(DATASET EXCERPT begins)

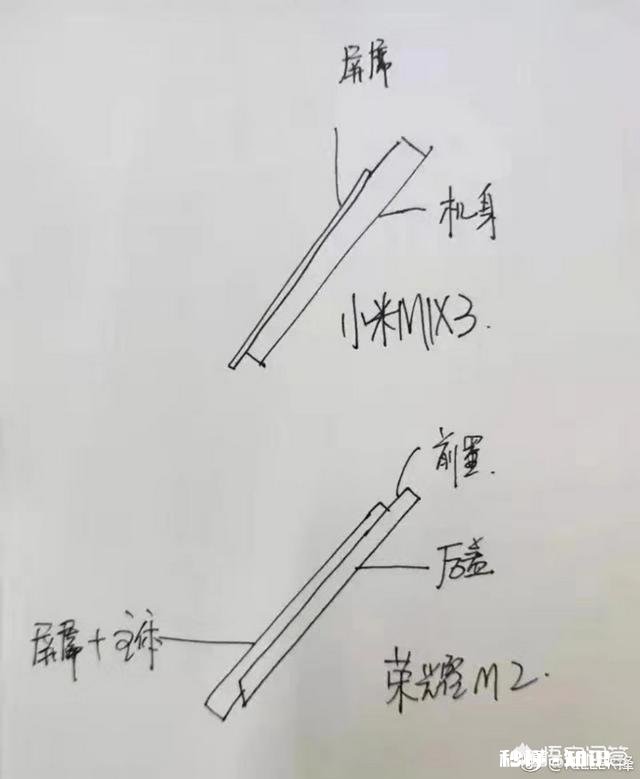 小米Mix3和荣耀magic2哪个更值得购买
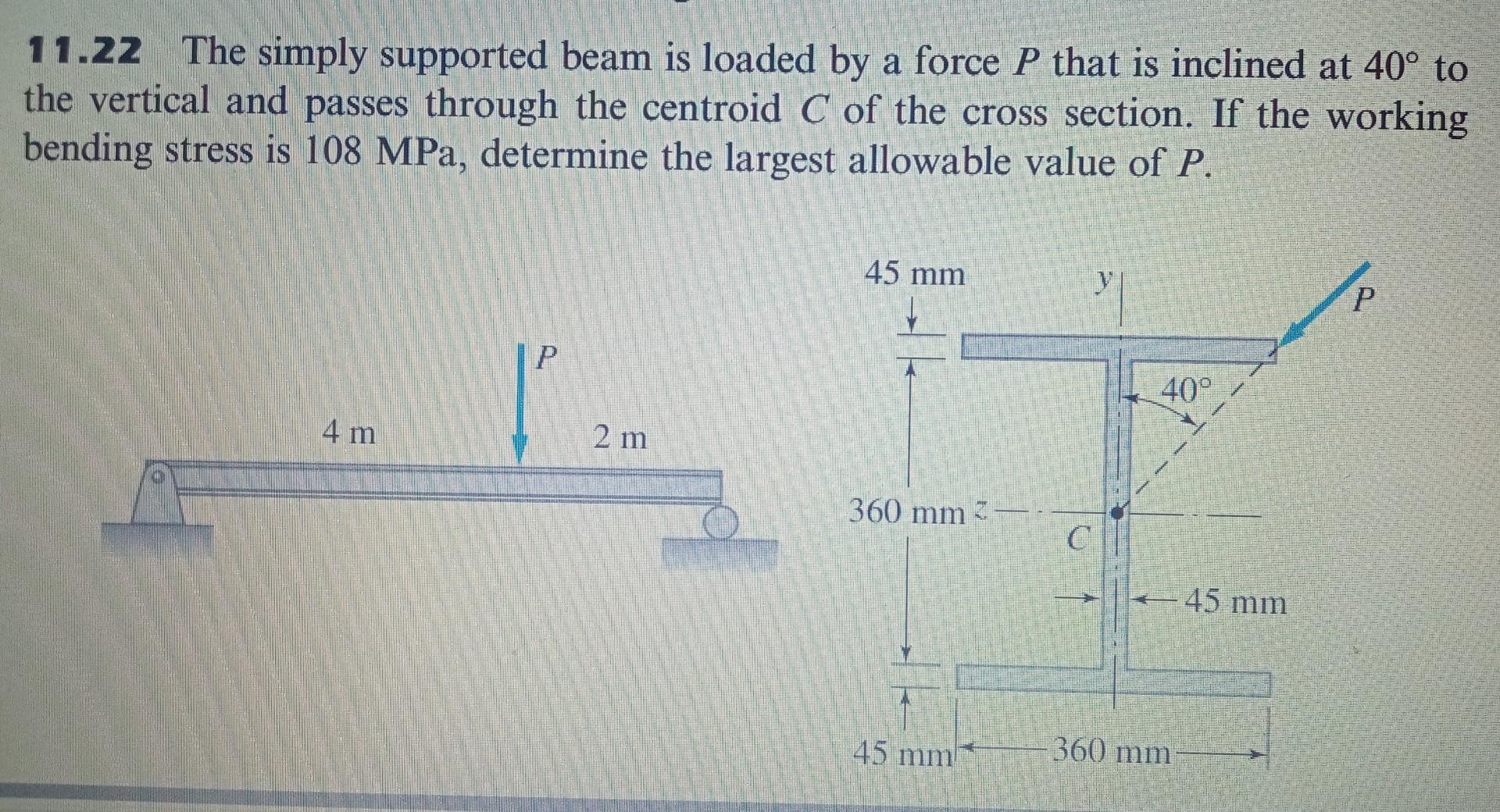 Solved 11.22 The simply supported beam is loaded by a force | Chegg.com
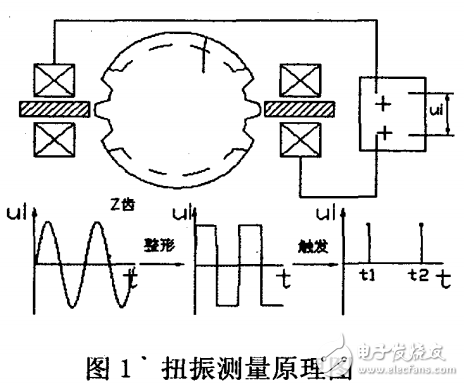 扭轉(zhuǎn)振動(dòng)的數(shù)字測量技術(shù)研究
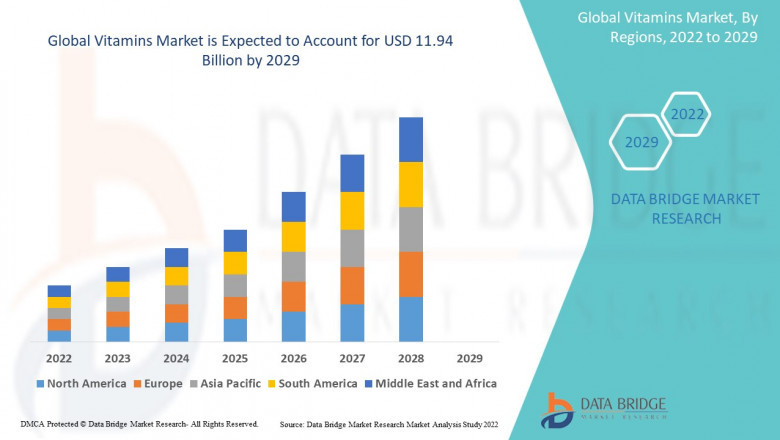 Vitamins Market : Facts, Benefits, Figures and Analytical Insights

(DATASET EXCERPT ends)

WORK TASK => Without any pictures, transcribe the listing above exactly as written.

RESULT =>
 小米Mix3和荣耀magic2哪个更值得购买
 Solved 11.22 The simply supported beam is loaded by a force | Chegg.com
 扭轉(zhuǎn)振動(dòng)的數(shù)字測量技術(shù)研究
 Vitamins Market : Facts, Benefits, Figures and Analytical Insights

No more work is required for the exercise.